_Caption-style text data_
········

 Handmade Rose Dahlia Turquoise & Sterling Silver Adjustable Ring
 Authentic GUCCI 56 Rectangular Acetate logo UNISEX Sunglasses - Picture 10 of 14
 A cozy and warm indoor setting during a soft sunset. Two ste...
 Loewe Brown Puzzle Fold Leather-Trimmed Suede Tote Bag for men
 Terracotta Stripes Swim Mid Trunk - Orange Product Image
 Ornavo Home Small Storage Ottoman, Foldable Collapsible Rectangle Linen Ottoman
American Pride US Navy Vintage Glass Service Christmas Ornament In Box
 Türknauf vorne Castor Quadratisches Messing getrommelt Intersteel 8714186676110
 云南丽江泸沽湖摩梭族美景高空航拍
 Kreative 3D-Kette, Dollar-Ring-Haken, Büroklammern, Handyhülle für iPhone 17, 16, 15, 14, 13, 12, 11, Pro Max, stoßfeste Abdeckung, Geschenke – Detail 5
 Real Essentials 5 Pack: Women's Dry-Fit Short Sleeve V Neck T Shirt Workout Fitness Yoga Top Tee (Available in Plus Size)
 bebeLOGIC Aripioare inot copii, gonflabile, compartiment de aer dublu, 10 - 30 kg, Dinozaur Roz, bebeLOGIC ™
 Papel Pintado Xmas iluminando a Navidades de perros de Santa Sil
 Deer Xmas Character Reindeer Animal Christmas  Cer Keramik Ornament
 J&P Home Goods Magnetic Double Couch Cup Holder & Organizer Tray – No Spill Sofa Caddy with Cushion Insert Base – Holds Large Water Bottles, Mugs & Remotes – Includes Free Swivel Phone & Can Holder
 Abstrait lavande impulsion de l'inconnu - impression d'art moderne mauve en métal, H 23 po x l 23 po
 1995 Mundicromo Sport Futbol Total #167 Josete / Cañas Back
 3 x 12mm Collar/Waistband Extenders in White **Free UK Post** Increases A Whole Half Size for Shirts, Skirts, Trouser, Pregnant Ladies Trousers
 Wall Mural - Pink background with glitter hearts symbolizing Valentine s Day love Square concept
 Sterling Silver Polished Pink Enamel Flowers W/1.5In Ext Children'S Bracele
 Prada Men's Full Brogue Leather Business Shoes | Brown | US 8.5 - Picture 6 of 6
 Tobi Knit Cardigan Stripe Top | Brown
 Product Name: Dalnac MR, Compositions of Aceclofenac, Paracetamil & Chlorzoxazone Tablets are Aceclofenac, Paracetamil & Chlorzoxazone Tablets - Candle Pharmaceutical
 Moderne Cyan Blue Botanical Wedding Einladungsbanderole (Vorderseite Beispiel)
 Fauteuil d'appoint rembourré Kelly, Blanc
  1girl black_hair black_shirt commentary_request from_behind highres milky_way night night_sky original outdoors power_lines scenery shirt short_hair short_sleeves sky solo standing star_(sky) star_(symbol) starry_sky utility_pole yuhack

········

_EXERCISE DESCRIPTION_
The response should be an exact copy of the lines from the one with "Moderne Cyan Blue" through the end of the data, with no other text.

_RESULT OF THE EXERCISE_
 Moderne Cyan Blue Botanical Wedding Einladungsbanderole (Vorderseite Beispiel)
 Fauteuil d'appoint rembourré Kelly, Blanc
  1girl black_hair black_shirt commentary_request from_behind highres milky_way night night_sky original outdoors power_lines scenery shirt short_hair short_sleeves sky solo standing star_(sky) star_(symbol) starry_sky utility_pole yuhack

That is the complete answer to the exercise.